The data -
- - -
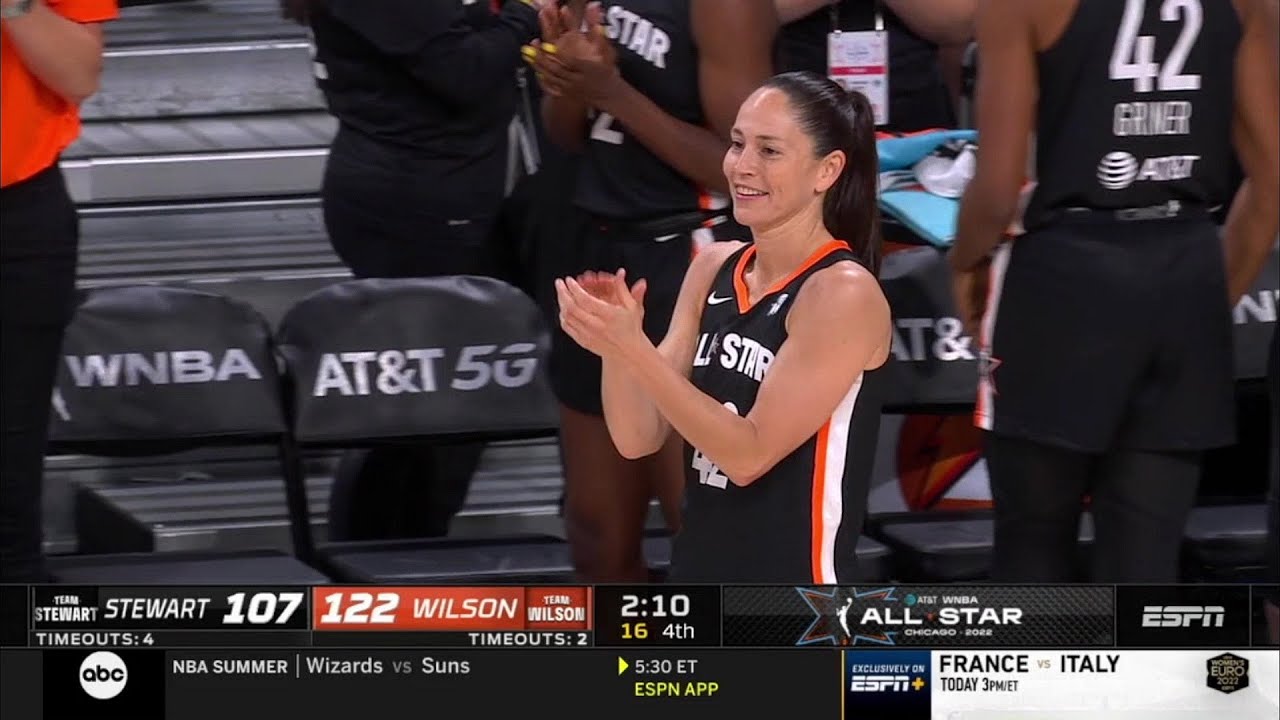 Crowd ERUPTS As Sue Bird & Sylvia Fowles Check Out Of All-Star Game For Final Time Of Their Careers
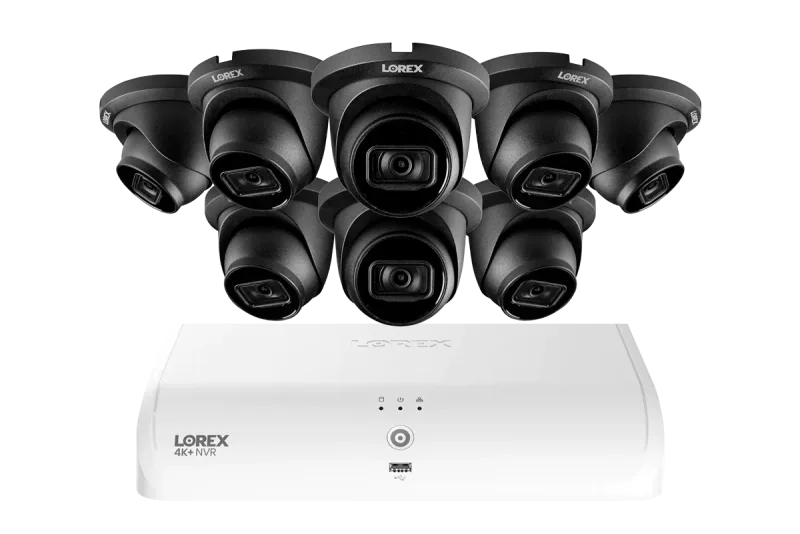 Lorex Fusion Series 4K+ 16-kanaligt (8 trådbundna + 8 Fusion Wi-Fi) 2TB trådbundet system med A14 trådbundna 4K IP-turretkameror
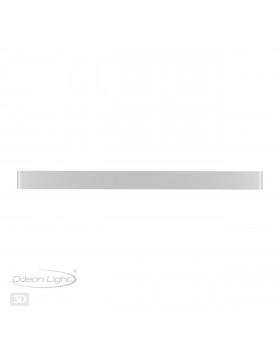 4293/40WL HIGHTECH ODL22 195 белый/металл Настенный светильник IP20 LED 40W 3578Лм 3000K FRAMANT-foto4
- - -
Exercise brief - Omit the pictures, then quote the rest of the material above exactly.

Output below -
 Crowd ERUPTS As Sue Bird & Sylvia Fowles Check Out Of All-Star Game For Final Time Of Their Careers
 Lorex Fusion Series 4K+ 16-kanaligt (8 trådbundna + 8 Fusion Wi-Fi) 2TB trådbundet system med A14 trådbundna 4K IP-turretkameror
 4293/40WL HIGHTECH ODL22 195 белый/металл Настенный светильник IP20 LED 40W 3578Лм 3000K FRAMANT-foto4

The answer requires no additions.